DATA EXTRACT below:

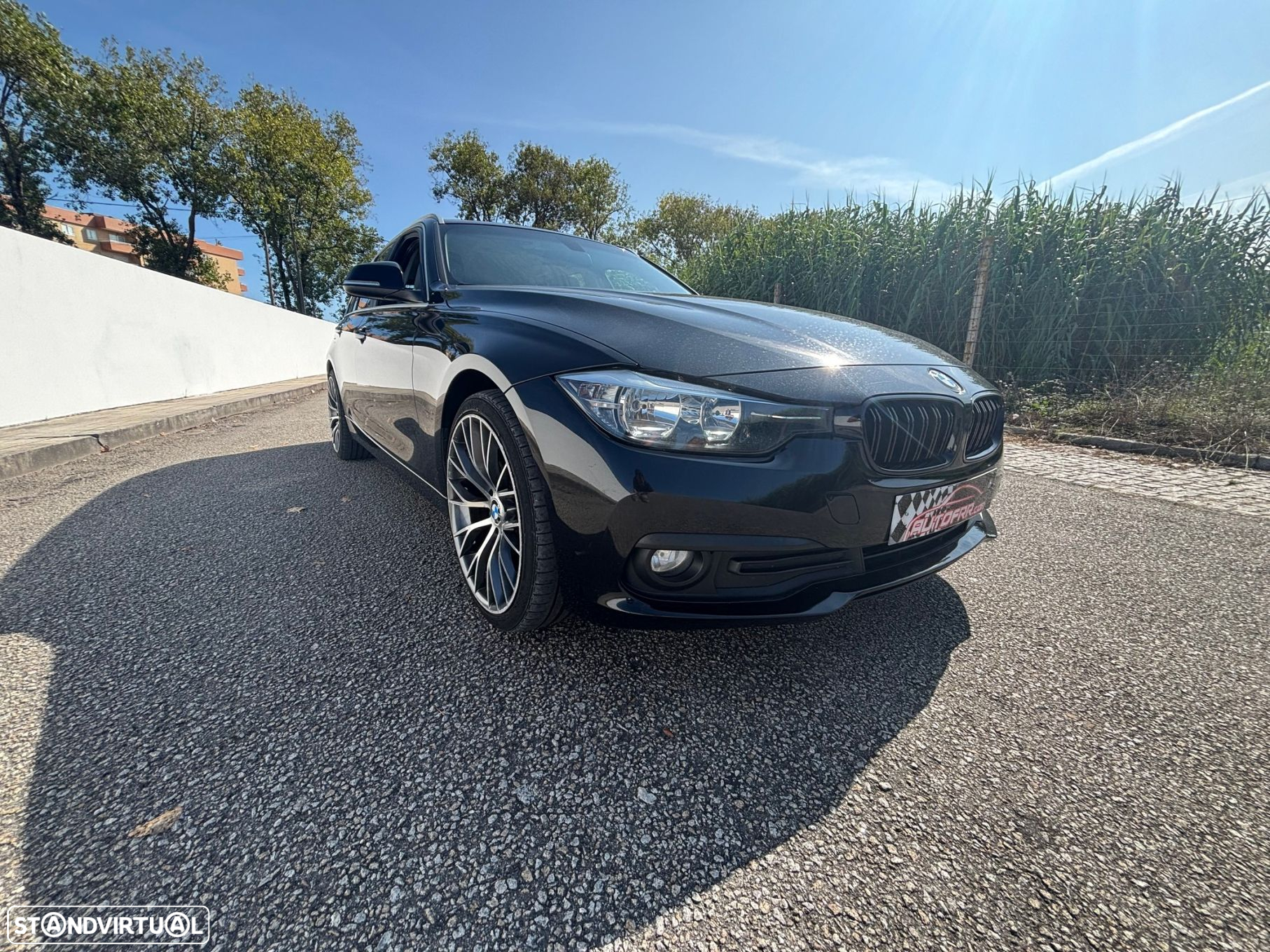 BMW 318 d Touring Advantage Auto - 2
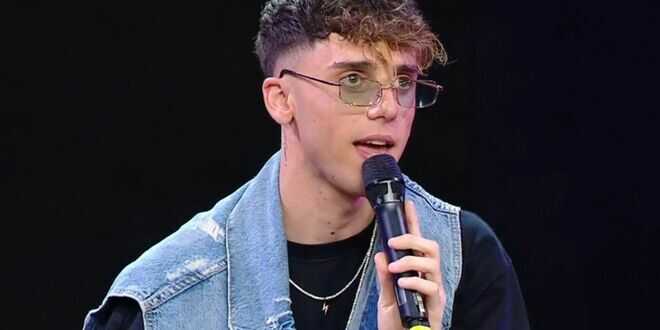 LDA, ritorno live dopo Amici con Gigi D’Alessio: il consiglio del padre per il successo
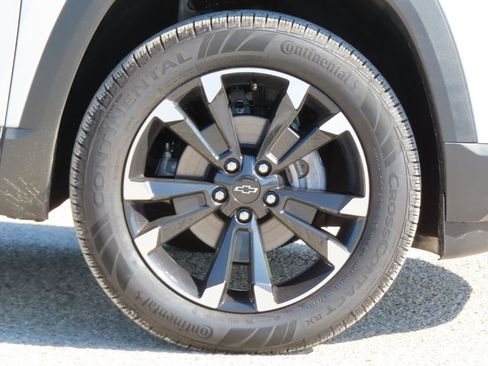 New 2026 Chevrolet Equinox RS w/ Convenience Package III AWD/4WD image 15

End of DATA EXTRACT.

→ YOUR INSTRUCTIONS: Here the job is to print all the data exactly, skipping any image.

→ ANSWER BELOW:
 BMW 318 d Touring Advantage Auto - 2
 LDA, ritorno live dopo Amici con Gigi D’Alessio: il consiglio del padre per il successo
 New 2026 Chevrolet Equinox RS w/ Convenience Package III AWD/4WD image 15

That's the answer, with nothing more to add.